Task description: Print the line that contains "this 1270×952 image.", then every line after it until the entries end, exactly as they read; do not include pictures.

(Dataset entries)
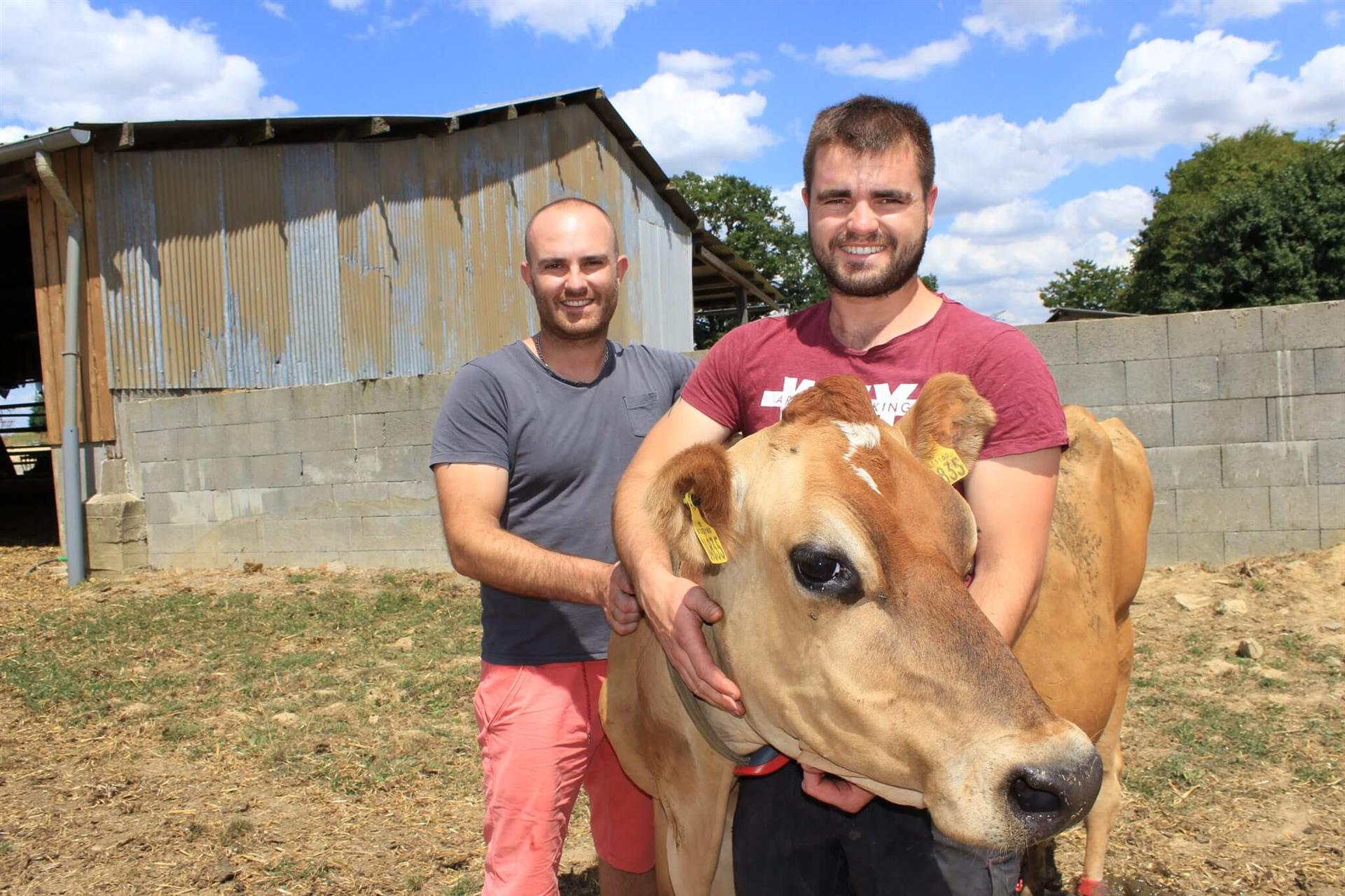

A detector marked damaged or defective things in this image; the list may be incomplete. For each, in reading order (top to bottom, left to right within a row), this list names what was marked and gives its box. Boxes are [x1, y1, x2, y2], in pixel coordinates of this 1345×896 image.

rusty metal roof [8, 88, 790, 311]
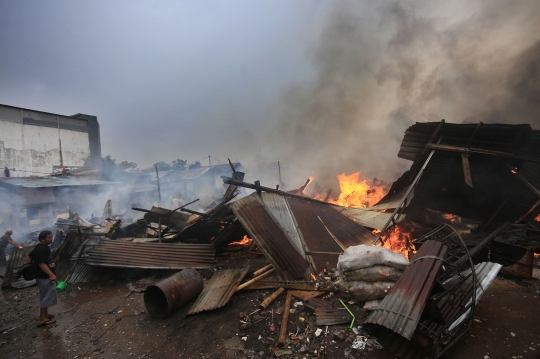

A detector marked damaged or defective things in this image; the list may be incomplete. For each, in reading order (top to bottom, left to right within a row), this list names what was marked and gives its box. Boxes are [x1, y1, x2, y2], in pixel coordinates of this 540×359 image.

rusty corrugated roof [85, 240, 216, 268]
rusty corrugated roof [230, 194, 310, 282]
rusty barrel [143, 268, 202, 320]
rusty corrugated roof [187, 268, 250, 316]
rusty corrugated roof [364, 240, 450, 342]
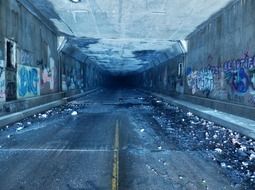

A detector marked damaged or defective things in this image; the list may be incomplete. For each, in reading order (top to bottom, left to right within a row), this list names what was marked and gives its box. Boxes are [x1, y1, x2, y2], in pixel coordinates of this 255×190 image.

cracked asphalt [0, 89, 253, 190]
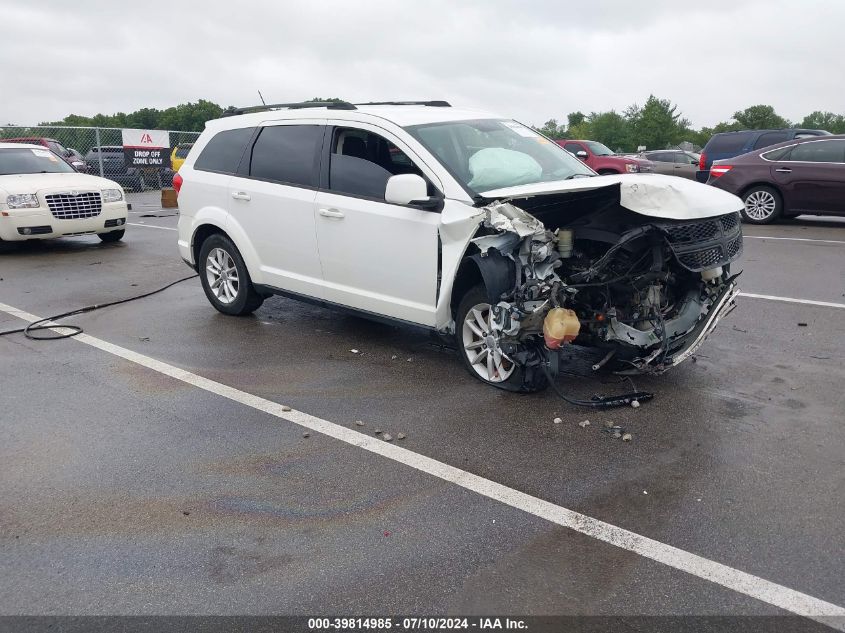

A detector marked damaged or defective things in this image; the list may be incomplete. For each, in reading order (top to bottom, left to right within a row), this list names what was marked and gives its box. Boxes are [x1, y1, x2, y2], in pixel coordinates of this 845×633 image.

damaged white suv [176, 100, 740, 390]
bent hood [478, 173, 740, 220]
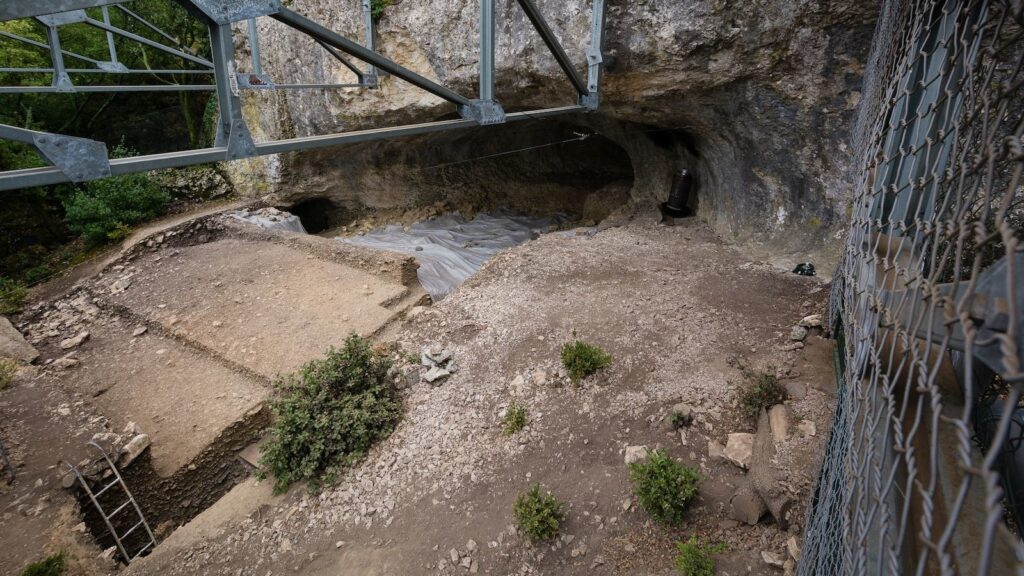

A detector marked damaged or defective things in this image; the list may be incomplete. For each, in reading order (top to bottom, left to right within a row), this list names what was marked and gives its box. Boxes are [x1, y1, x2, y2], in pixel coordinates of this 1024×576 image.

rusty wire mesh [798, 0, 1024, 569]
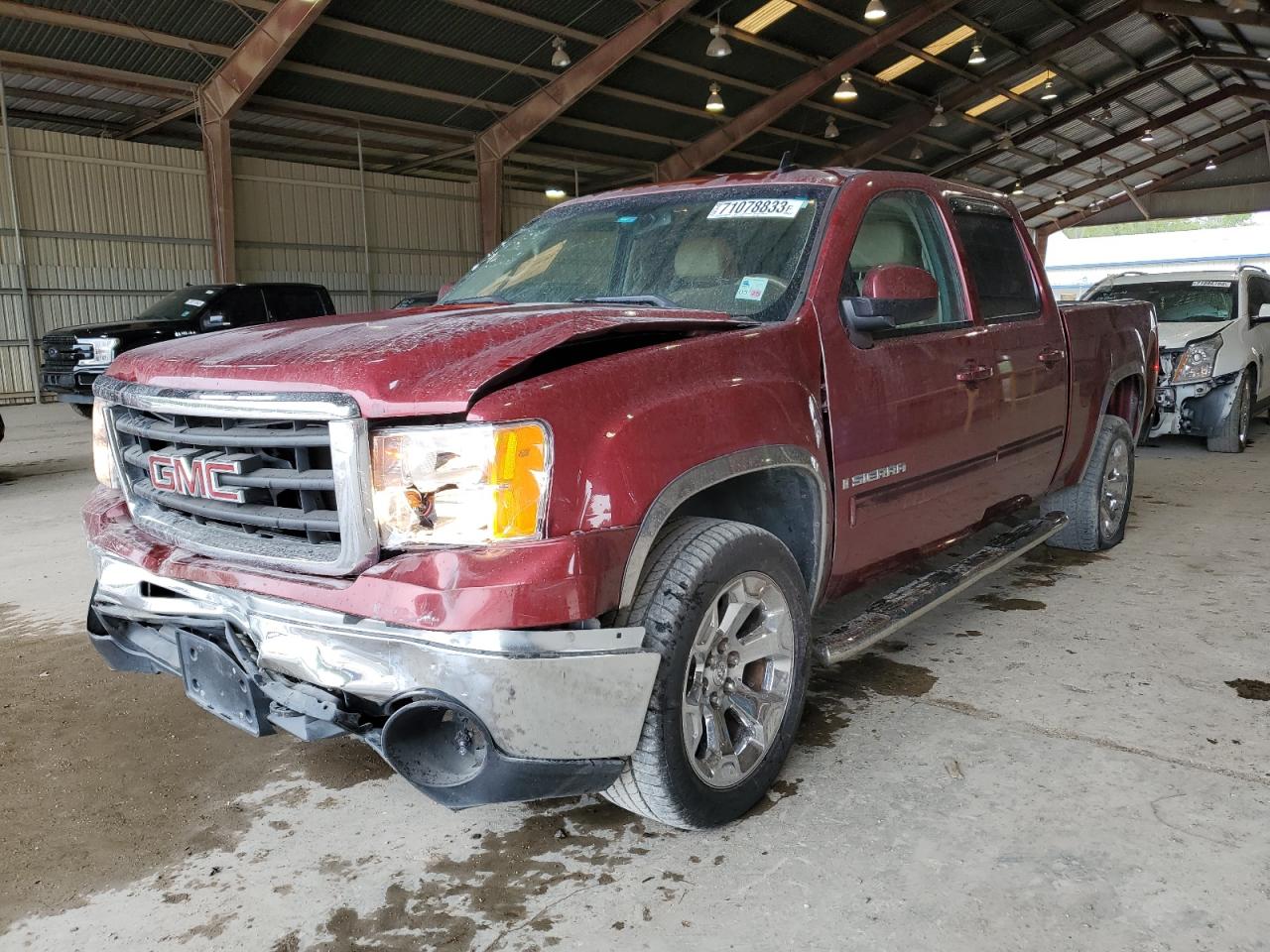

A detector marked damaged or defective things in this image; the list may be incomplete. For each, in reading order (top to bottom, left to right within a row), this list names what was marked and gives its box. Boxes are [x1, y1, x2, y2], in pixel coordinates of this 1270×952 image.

crumpled hood [109, 301, 750, 413]
crumpled hood [1159, 319, 1230, 353]
damaged front bumper [1151, 373, 1238, 438]
damaged front bumper [89, 547, 655, 805]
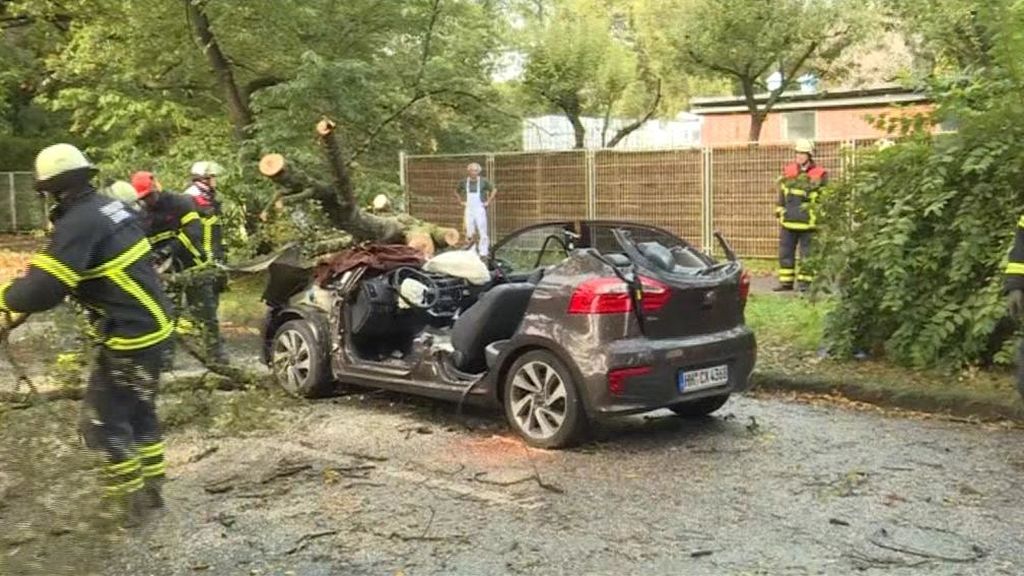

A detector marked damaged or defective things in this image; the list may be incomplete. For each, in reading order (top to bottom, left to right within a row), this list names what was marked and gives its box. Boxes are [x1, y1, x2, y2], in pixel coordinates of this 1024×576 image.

crushed car [260, 220, 756, 450]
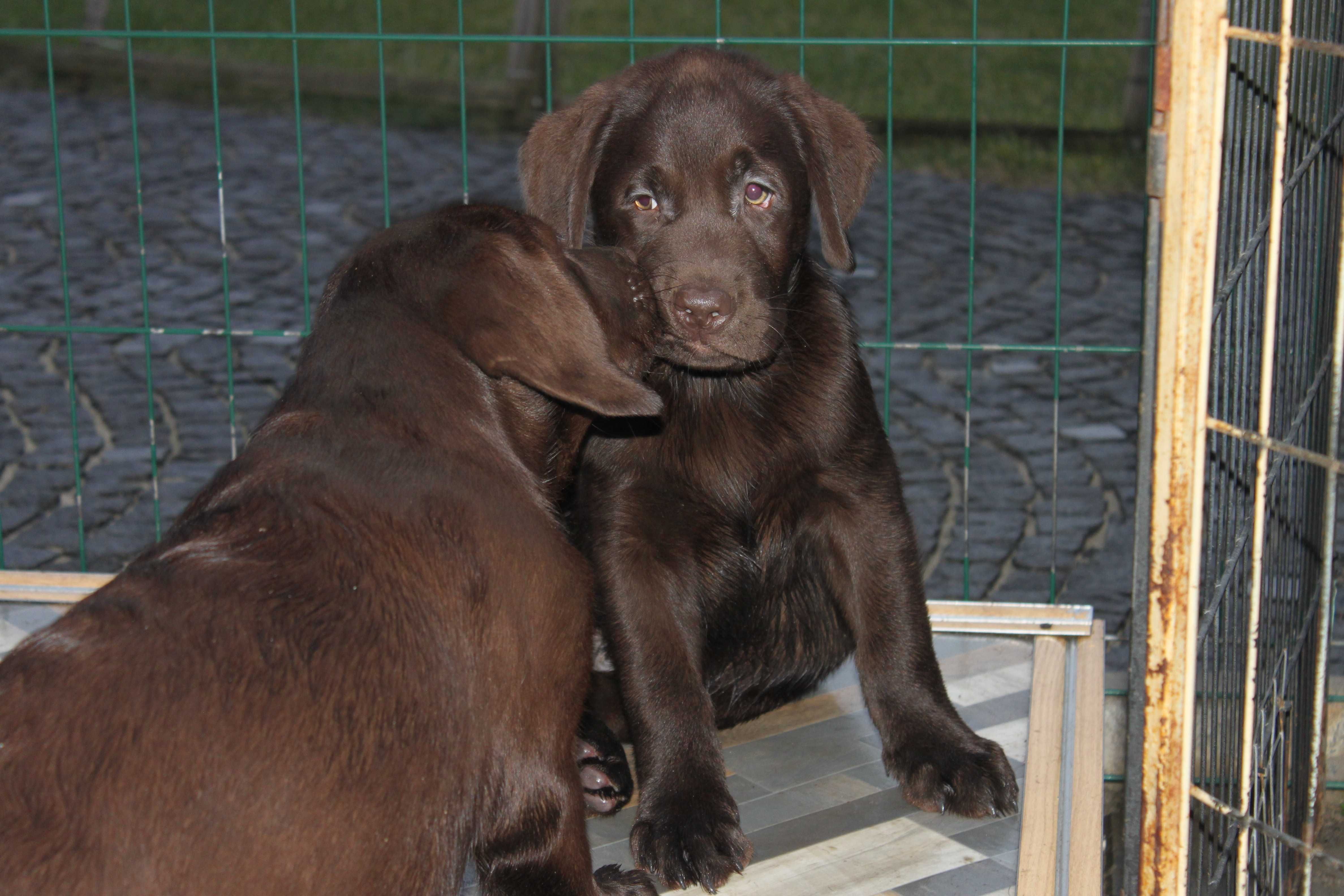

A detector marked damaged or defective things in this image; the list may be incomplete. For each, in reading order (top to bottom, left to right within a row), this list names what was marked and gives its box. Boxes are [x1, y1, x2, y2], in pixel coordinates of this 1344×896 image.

rusty metal gate [1127, 0, 1339, 887]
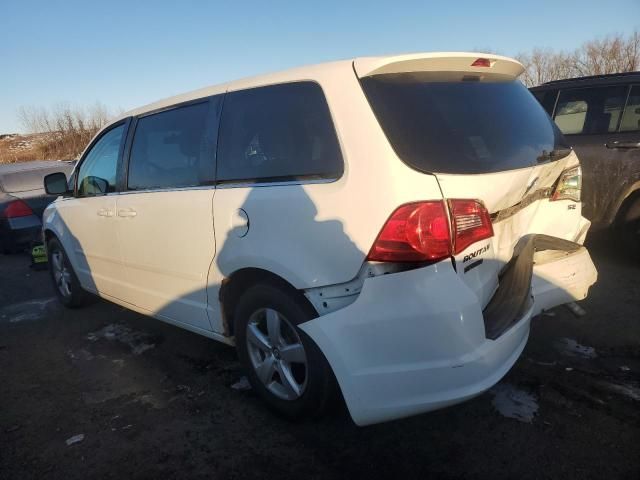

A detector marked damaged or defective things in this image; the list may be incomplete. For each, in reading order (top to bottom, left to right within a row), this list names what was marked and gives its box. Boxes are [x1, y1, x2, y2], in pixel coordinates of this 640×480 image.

crumpled rear bumper [298, 236, 596, 424]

Answer box:
A detector marked damaged or defective things in this image; the list may be incomplete. For each, in reading order (top to bottom, left to right within a row), this list names what was marked and gives its box. Boxes are [x1, y1, x2, y2], in pixel coordinates of this 1270×952 image.

crumpled hood [109, 301, 750, 413]
crumpled hood [1159, 319, 1230, 353]
damaged front bumper [1151, 373, 1238, 438]
damaged front bumper [89, 547, 655, 805]

A detector marked damaged or defective things in this image; the list may be incomplete. For each, in reading order (top to bottom, left to right within a row), this list names what was marked and gives its box. Boxes are [x1, y1, x2, y2], in pixel coordinates of this 1024×576 image.

crushed car [260, 220, 756, 450]

A detector marked damaged or defective things in this image; the list may be incomplete. For each, in reading order (top to bottom, left to right within a row), this list names what was marked and gives its box. Boxes are [x1, y1, x2, y2], in pixel coordinates of this 1344×896 image.

rusty metal gate [1127, 0, 1339, 887]

A detector marked damaged or defective things in this image; the list may be incomplete. For each, in reading order (top to bottom, left to right within a row), this list names what was marked and gives its box. Boxes are [x1, y1, x2, y2], in pixel coordinates of this 640×480 image.

crumpled rear bumper [298, 236, 596, 424]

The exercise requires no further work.